I would suspect those that don't see brassicas consumed, would see them consumed if the entire mix was growing at the same time. That's just a hunch. Why? Because you don't have thousands of brassicas growing in one spot, there is only one growing every couple feet or so.
My rotation basically revolves around clover. I suppress it and seed. Simple is as simple does.
 

SD51555

5 year old buck +
I also found some reading material discussing ideal brassica soils. "Ideal" was a soil that had good organic matter and structure. Lesser was a sandy soil. I wonder if that wouldn't cause slower growing conditions that may lead to a less than desirable palatability?
 
D

dipper

Guest
We eat a lot of organic vegetables and I can tell the difference than the store bought crap.
Organic material means everything
 

j-bird

Moderator
I have planted PTT before and they do well but they rot in the ground the deer ignore them. I have planted radish as well as PTT this year to see for some reason the deer like one or the other. I plant them because they are cheap insurance just incase we have a bad winter - we had a cold winter last year, but the snow wasn't too bad in my area. I often over seed them with oats, rye and wheat into my standing soybeans. I like to get as much use out of my plotting acres as I can that way I can dedicate more to cover which is my limiting habitat factor as I live in farm country. I this year I was able to add AWP to the mix as well - the deer are still on the acorns and the AWP is still in the plot - they will get to it sooner or later I'm sure.
 

sandbur

5 year old buck +
I've heard you mention that before. Is it possible there is something going on in the soil making them unpalatable? Have you ever done a soil sample where you've grown them? I base that on nothing, but it just seems strange. Our daikon radish got worked pretty good already in September just the other side of the county. I wonder if it could it be too much of a micro nutrient, or none at all? It just seems strange that it happens to some, and other places they get nailed.

I say that because you don't see hit and miss adaptation on things like corn, beans, clover, rye (for the most part) apple, soft browse etc. Where's Dipper and MoBuck when you need em? Found this just now from Utah State University:
View attachment 2550

This from the Standard Cyclopedia of Horticulture:
View attachment 2551

I ate one of my radishes. I thought it was hot too. The tops were still pretty good. I don't know that we could get away with waiting for sub 60 degree weather though. Once the sixties leave, there ain't much time left before frost shuts it down.
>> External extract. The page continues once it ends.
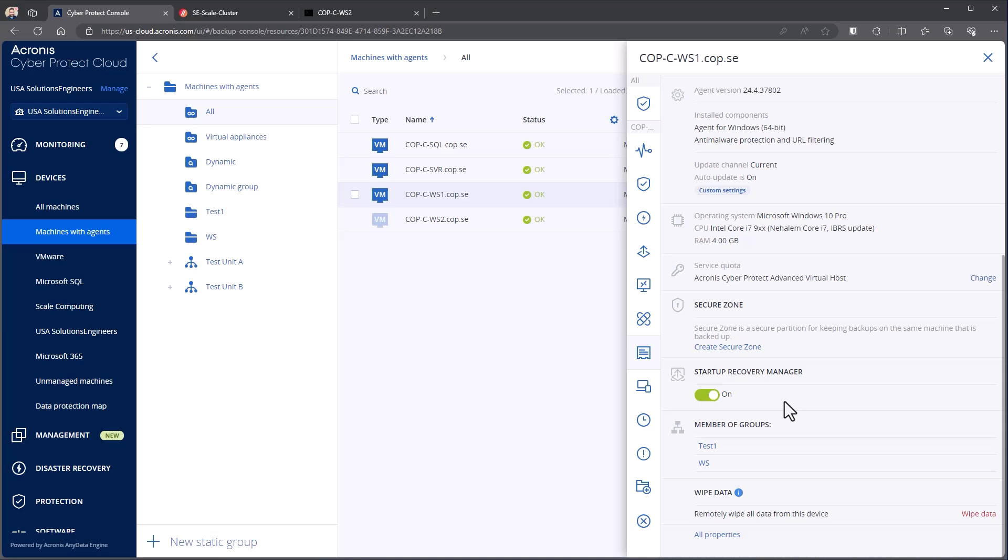So anytime a protection plan runs, it updates and makes sure the Startup Recovery Manager is running and then the one-click recovery scripts that are ran on top of the recovery manager are updated to include any of the storage locations that are supported.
Thanks for the suggestions, SD. I am referring to where I live when I say the radishes and brassica do not work. Up in zone 172, they work fine but growth is not as good as where I live.
You might be on to something, but I think my deer numbers are just too low. Corn stands for two years without being eaten. Two miles west of me, brassica are eaten.
 

SD51555

5 year old buck +
It's amazing. On my dad's place, I could grow fantastic brassica. Never got touched. On my land in Cass county, they were pretty short, and they're getting worked over pretty good. Also, down south is 97% ag land, and our place is a 20 acre oasis. When we hunted there, we were after "the" adult doe, with the hopes there may be a buck chasing her around.
 

SD51555

5 year old buck +
We eat a lot of organic vegetables and I can tell the difference than the store bought crap.
Organic material means everything
They are completely different animals absolutely.
 

sandbur

5 year old buck +
It's amazing. On my dad's place, I could grow fantastic brassica. Never got touched. On my land in Cass county, they were pretty short, and they're getting worked over pretty good. Also, down south is 97% ag land, and our place is a 20 acre oasis. When we hunted there, we were after "the" adult doe, with the hopes there may be a buck chasing her around.

I could post about the same thing.
 

sandbur

5 year old buck +
SD...I've spent a fair amount of time pondering brassica usage over the last decade or so. I am strongly convinced that something(s) in the soil makes them more (or less) desirable. I don't think its a matter of having other, more "palatable" choice available. I also don't think brassica usage can be directly tied to deer density.

We should do a human taste test of turnips and greens from my place and your place. I can't stand the things, but will eat rutabagas.
 

SD51555

5 year old buck +
I ate one of my radishes up north. I was surprised at how spicy it was. When i grew a brassica blend at my dad's, that stuff tasted better than any hearty salad i'd ever been served.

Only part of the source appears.